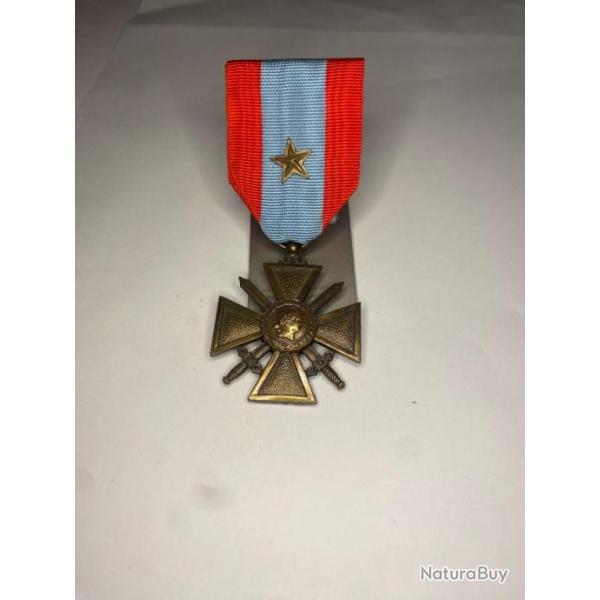 Croix de Guerre Thtres d'Opration Extrieurs, en vermeil, poinon au sanglier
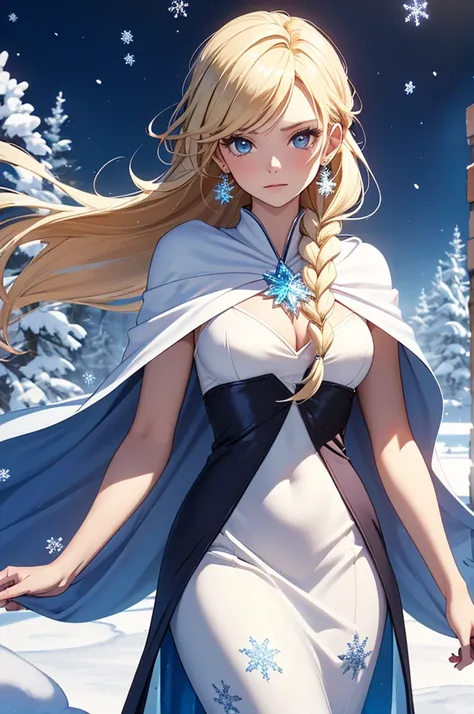 Create an image of a young female version of Sanji, dressed in a detailed Elsa cosplay. She has perfect, sparkling eyes with the most detailed eyes, filled with wonder and a touch of elegance. Her hair is a beautiful blend of blonde, styled into Elsas icon...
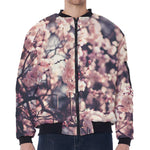 Sakura Cherry Blossom Print Zip Sleeve Bomber Jacket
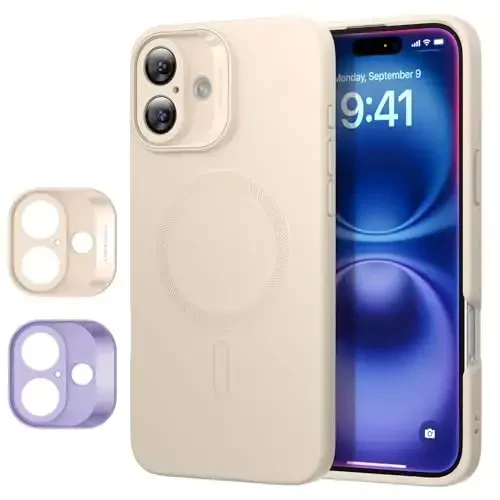 iPhone 16 Plus uchun MagSafe'li ESR g'ilofi, Magnitli quvvatlashni qo'llab-quvvatlaydi, Silliq va ingichka silikon g'ilof, Zarba o'tkazmaydigan, To'liq ekran va kamera himoyasi, Yumshoq mikrofiber astar, Ochiq jigarrang - ESR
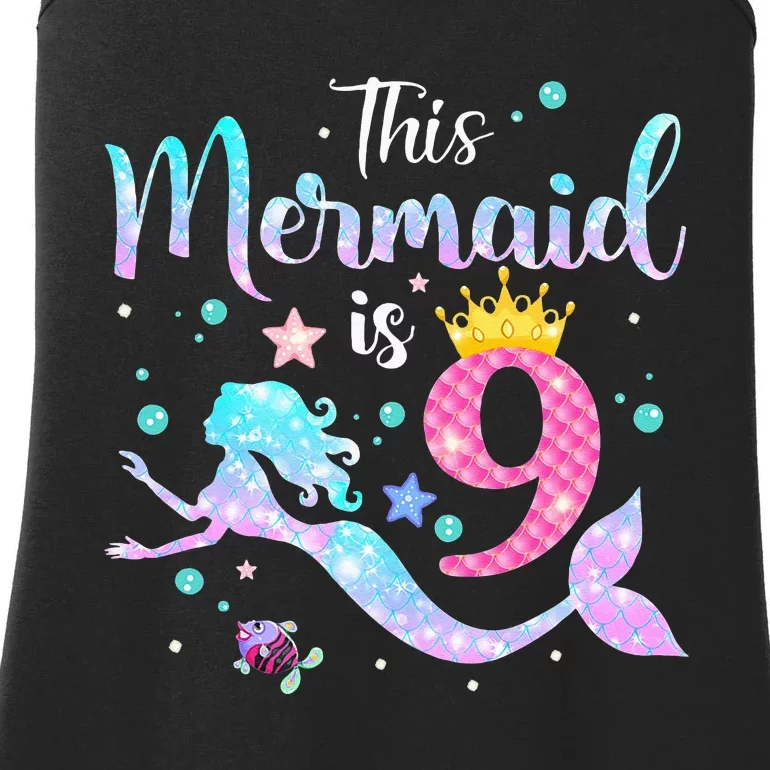 9th Birthday This Mermaid Is 9 Years Old Ladies Essential Tank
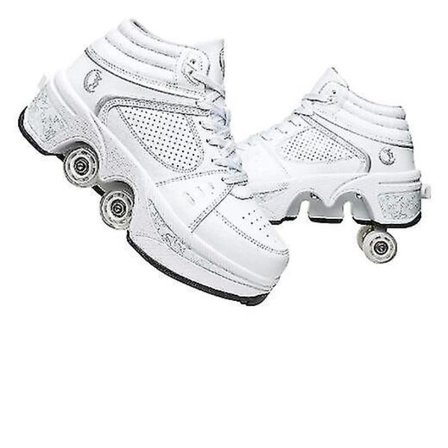 Multifunktionelle rulleskøjtesko til voksne børns skøjtesko hvide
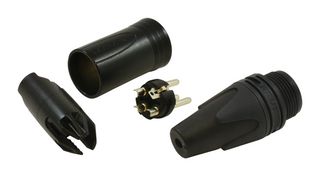NEUTRIK NC3MXX-BAG XLR Connector, 3 Contacts, Plug, Cable Mount, Silver Plated Contacts, Metal Body, XX Series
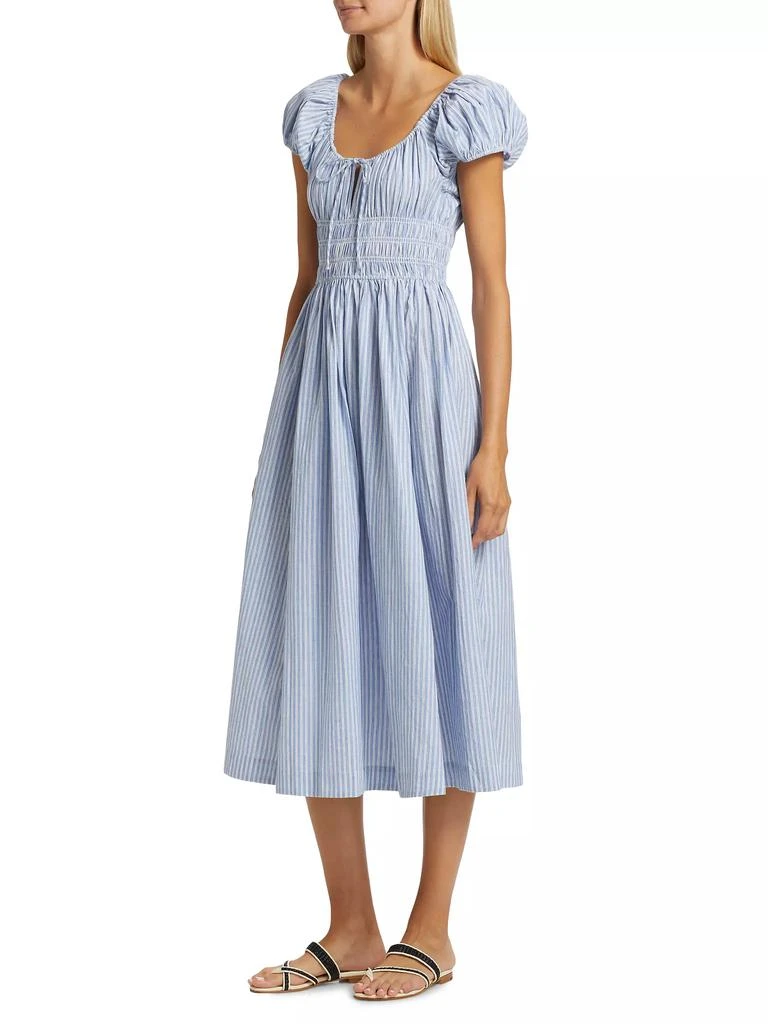 DÔEN Quinn Striped Cotton Scoopneck Midi-Dress 4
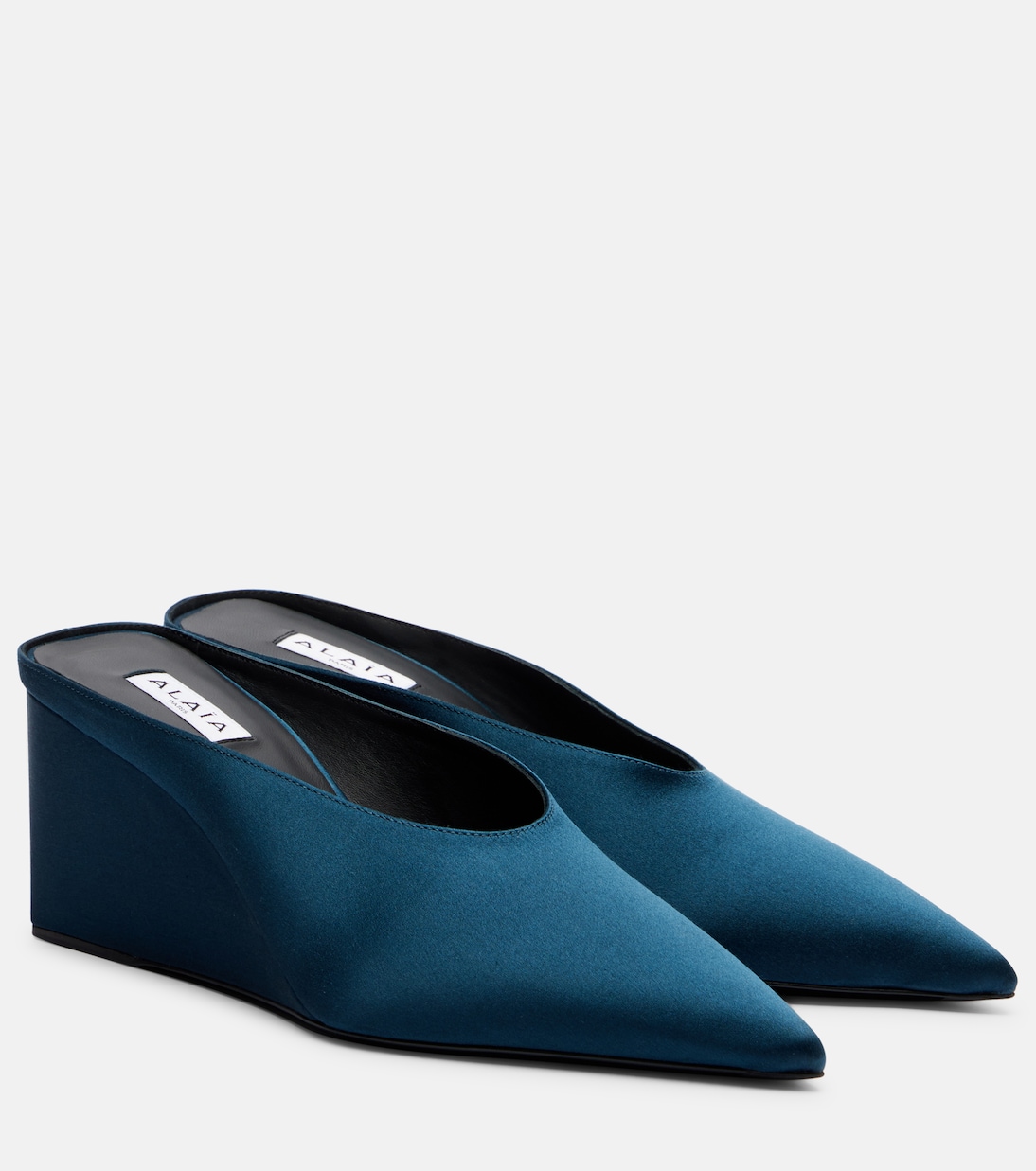 Cube Satin Wedge Mules in Blue - Alaia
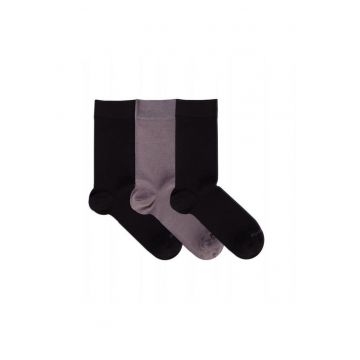 Sosete confortabile bambus Gri Negru Cutie 3 buc.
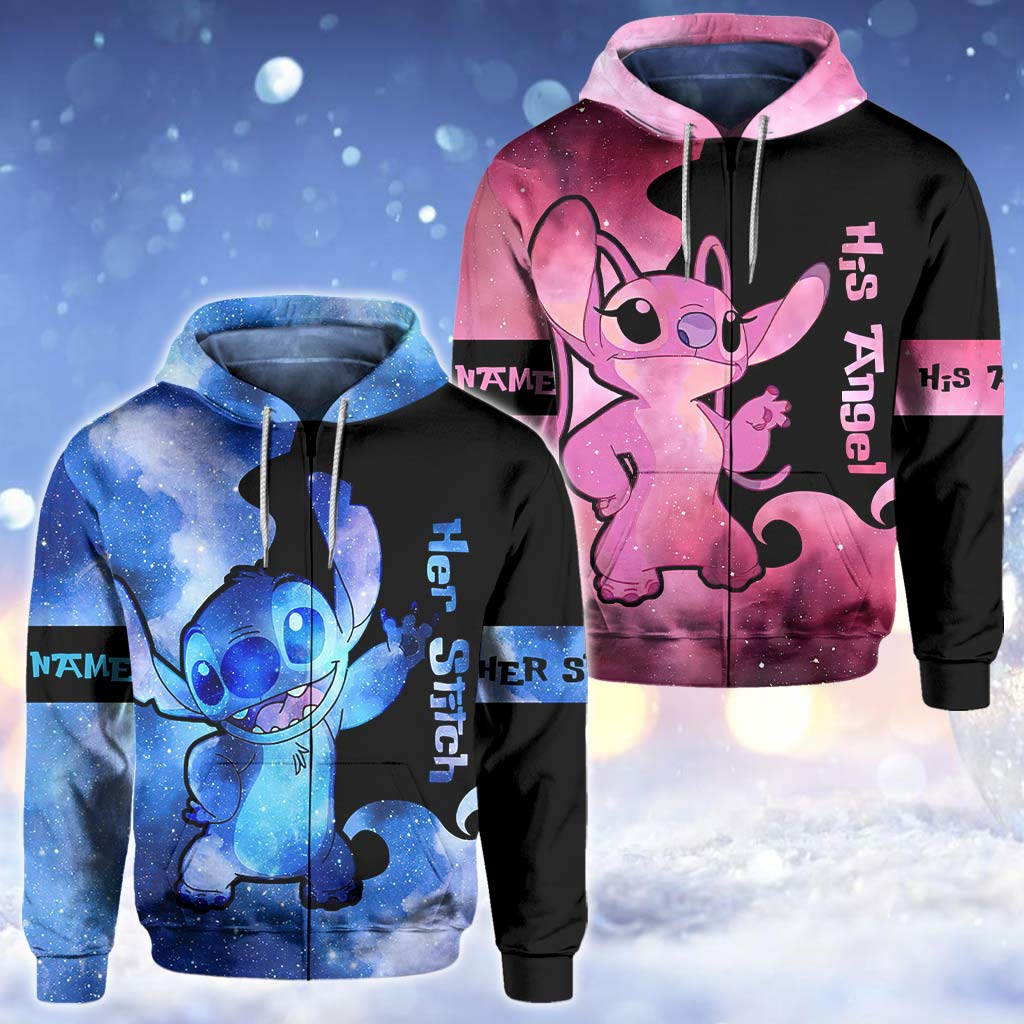 Personalized Couple Hoodie and T-shirt Set Custom Design Gift All Over Shirt GradoCreations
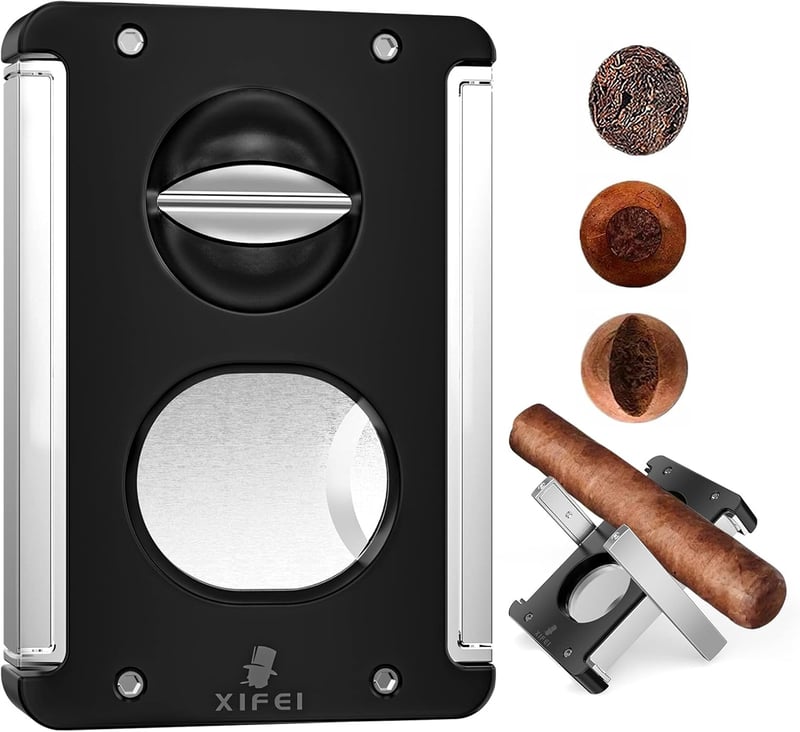 Ergonomic Cigar Cutter V-Cut with Punch & Holder - Black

# # # # # # #

Take the lines from the start of the listing above through the line with "Sakura Cherry Blossom", both ends included, and copy them exactly, leaving the pictures behind.

▶ **SOLUTION TO THE EXERCISE**:
 Croix de Guerre Thtres d'Opration Extrieurs, en vermeil, poinon au sanglier
 Create an image of a young female version of Sanji, dressed in a detailed Elsa cosplay. She has perfect, sparkling eyes with the most detailed eyes, filled with wonder and a touch of elegance. Her hair is a beautiful blend of blonde, styled into Elsas icon...
 Sakura Cherry Blossom Print Zip Sleeve Bomber Jacket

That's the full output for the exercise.